Recently I have been looking at *probabilistic schemas*. For the sake of helping along the conversation, what untapped possibilities are
there? Lets look at some ideas in increasing complexity:

**Probabilitistic Pairs: **This approach is just a table of each possible element, and the probability of the
some relationship between one or the other. You might have a table for the XPath following::
axis, or for child:: or following-sibling:: and so on. You can use inductive logic
on these pairs.

**Bayesian Networks:** Bayesian refers to systems where the probability of some event is determined from
knowledge of other prior events. (An example of a non-Bayesian probability is a
coin toss. The entertaining Monty Hall problem can be cast as a Bayesian problem.) For example, see this paper which gives the probability some element will contain text based on that element alone
– i.e. probabilities for each x/text(), and probabilities that an element will contain
some child based on the parent as well – i.e. probabilities for each x/y/z, if I read
it correctly.

**Probabilistic Grammars:** These are schemas to which probabilities have been added for each child. To get a basic feel consider, consider this case
where we take away any consideration of position or requirement from the grammar,
just using Probablistic Mixed Content Models:

`<!ELEMENT SECTION ( #PCDATA#0% | TITLE#100% | P#100% | TABLE#10% )* >`

where the percentage indicates how many of each parent would contain that child in a large document corpus or average document. You can imagine the uses: if the percentage is very low you have identified outliers that might be better engineered out, if the percentage is 100% you might check that the schema enforces this, you might use this information to provide better editor prediction of what elements come next, and so on.

**Hidden Markov**
**Models: **a hidden Markov model (HMM) is a two layer model (think states and recognizers, called *latent variables* and *observations*) and typically would be applied to make a schema out of the linear stream of SAX
events, say, (i.e. the probability that start-tag for TITLE follows the start-tag
for SECTION. The characteristic Markov Property is that the probabilities of the
next state depend only on the current state and the observation made, not on previous
observations. So a schema using HMM would really interested in typical sequences,
on XPath’s following::*[1] and child::*[1]). It could be used to detect outliers
of sequence (i.e. where a common child element appears in an unusual position), and
for implying tags in sparse documents. When you have this model where the probabilities
of observations from a state and of going from state to state are inplace, it can
be used for all sorts of statistical inferencing about documents, especially for calculating
what is the most likely missing markup.

A HMM schema would be most effective for schemas where there is no recursion or re-use
of element names in different contexts, and no element grouping or multiple occurrence
in a content model. So `( a, b?, c{1-10}, d*, e) `

etc.

**Context-Free Semi Hidden Markov Models:** a HMM might be classed as a kind of state machine, but if we use a stack machine
instead, allowing a push and pop as one of the action to go to the next state, (i.e.
to return to a previous state) then we get a Context Free Semi-Hidden Markov Model
(semi, because the Markov Property does not hold for pop operations.) So here we are
looking at elements proper as a tree, not as a linear list of start- and end-tags.
In this case, we can get a much closer implementation of the Probabilistic Mixed Content
Models above: the latent variables are the LHS (element name) and the obvservations
are the RHS (the content model).

Many variants are possible, and in fact using the parent as the latent variable might get rid of one of the nice features of HMM: that you can express probabilities that vary in different contexts (e.g. it rains more in Winter than Summer). So instead of each latent variable being the simple element, you could have one latent variable for each absolute path (in which case, actually you don’t need a stack and risk combinatorial explosion.) But more interesting would be to allow latent variables not based on explicit markup, for example that the first paragraph in a section has no likelihood of containing lists.
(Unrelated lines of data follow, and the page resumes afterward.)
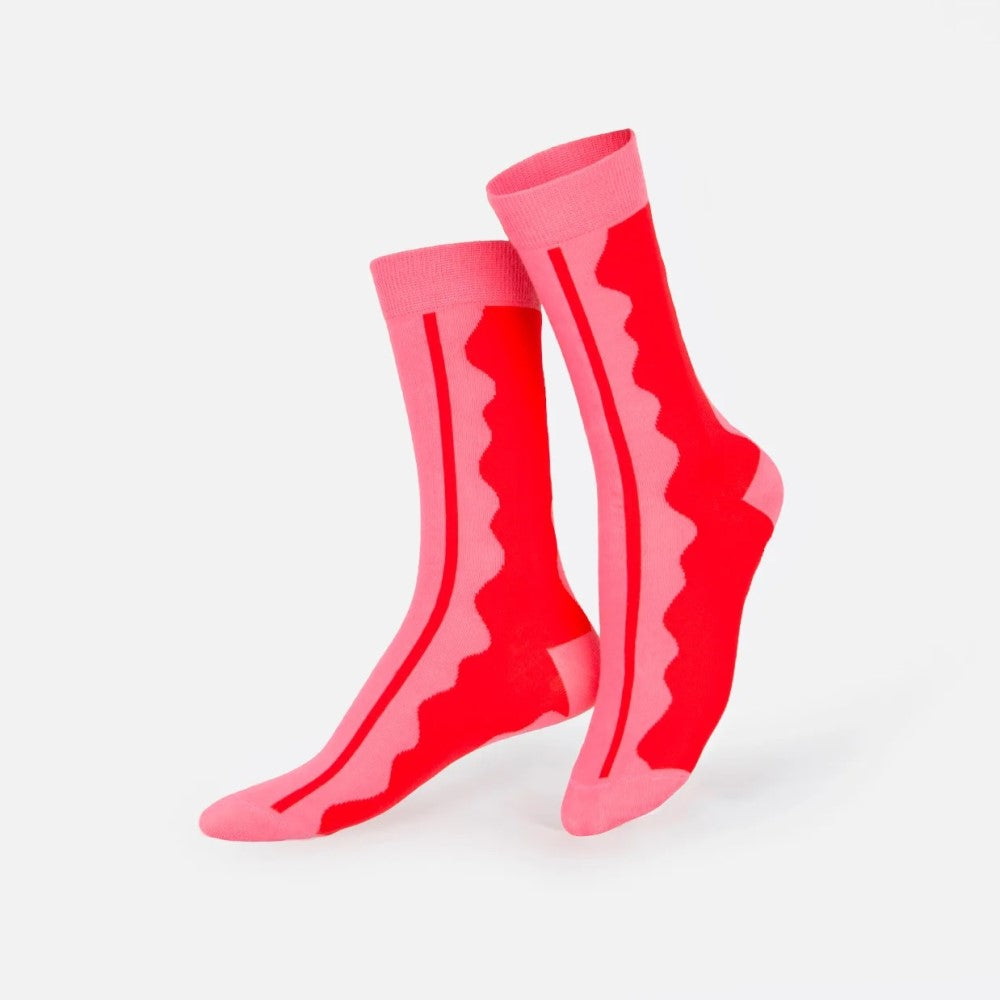 Eat My Socks Happy Birthday 2li Yetişkin Çorap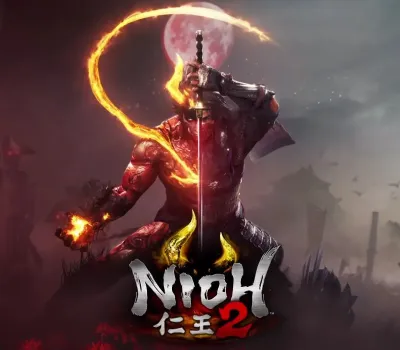 Nioh 2 PS4/PS5 Account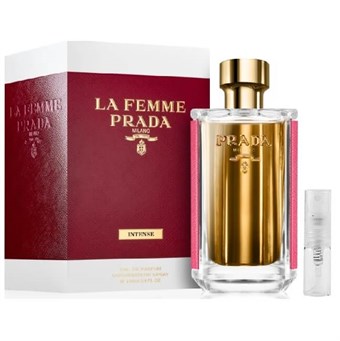 Prada La Femme Intense - Eau de Parfum - Geurmonster - 2 ml  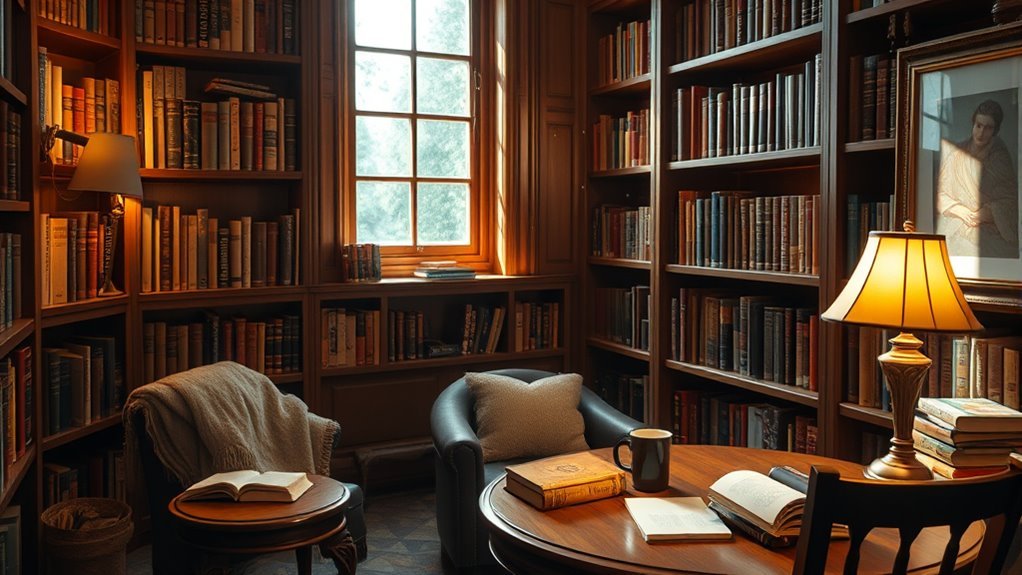 curating quality book selections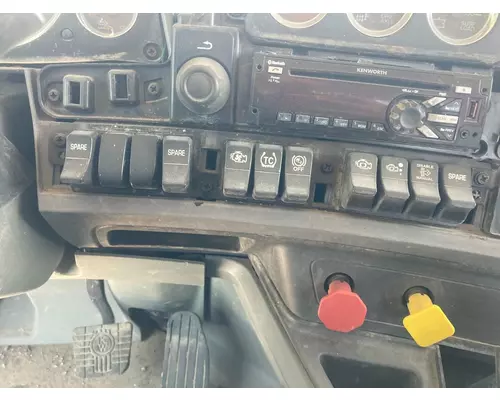Dash Panel Kenworth T880 Vander Haags Inc Kc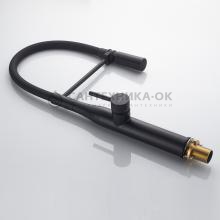 Смеситель для кухни Shevanik S123H-3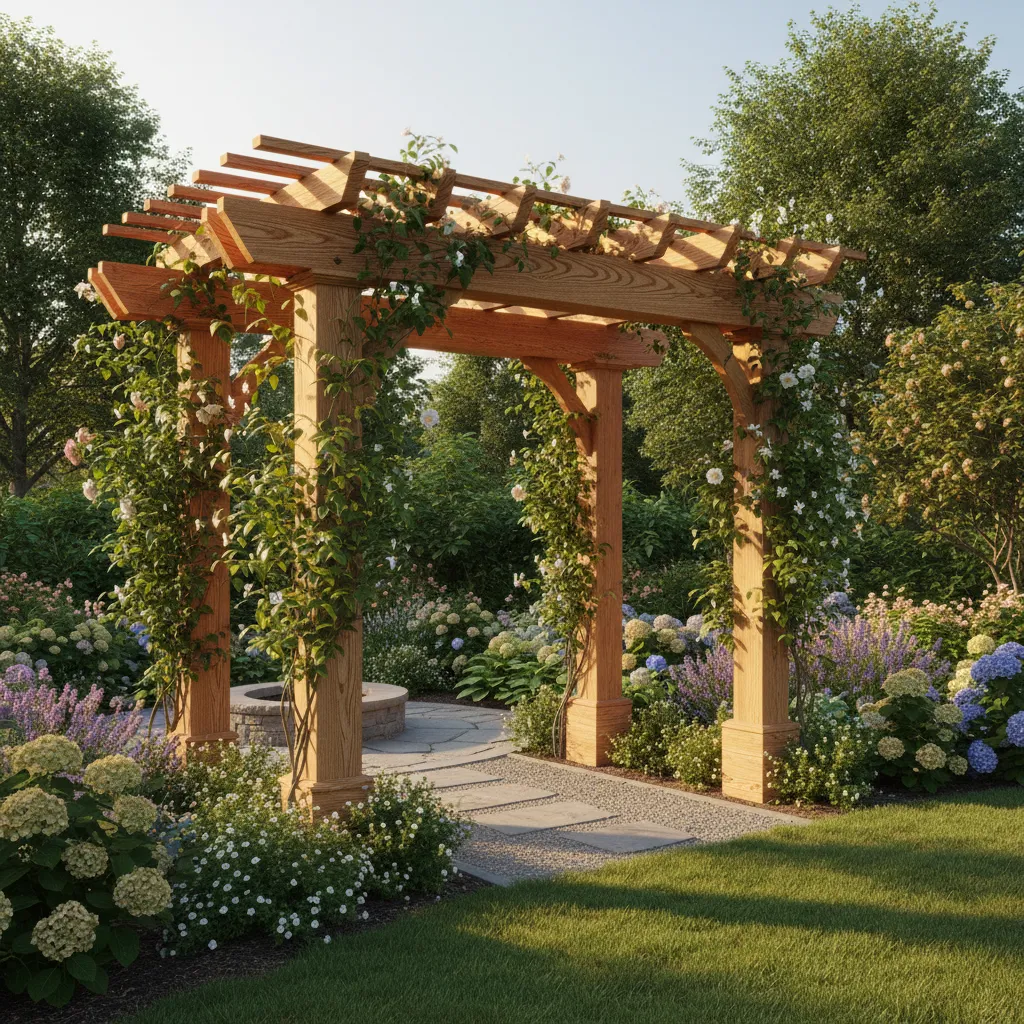 Regional Differences in Outdoor Douglas Fir Use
**Neural Networks**: It should be clear that if you relax the Markov property, you can start to get things
that look more like neural nets.

**Recursive Neural Networks:** A recursive neural network (RNN) is a tree structure of networks. There is in fact
a 2014 research paper on this: Self Learning Recursive Neural Networks for Structured Data Classification where they make a trie for the document corpus so that each unique absolute path
in the corpus has a corresponding absolute path of neural networks, one per element.

The paper arrives at an interesting conclusion: “*The results show that equipping RNN with semi-supervision mechanisms can enhance the
classiﬁcation accuracy of structured data*” which relates to the training problem: training is expensive and time consuming
and requires lots of examples, so if you can help with some upfront information (to
label some documents as typical of known clusters) then that provides a headstart
for calculations and outlier detection.

Readers: If you know any other research or ideas on probabilistic schemas, please let me know and I may update this article accordingly.

Feature detection and clustering are key techniques with many potential applications to XML processing, for large-scale industrial publishers with large corpuses. However, there has not been much research or public information about projects that do it. I think, in part, it is because the industry tends to have a reactive rather pro-active approach to these things: you fix a problem as it occurs rather than trying to second guess it upfront.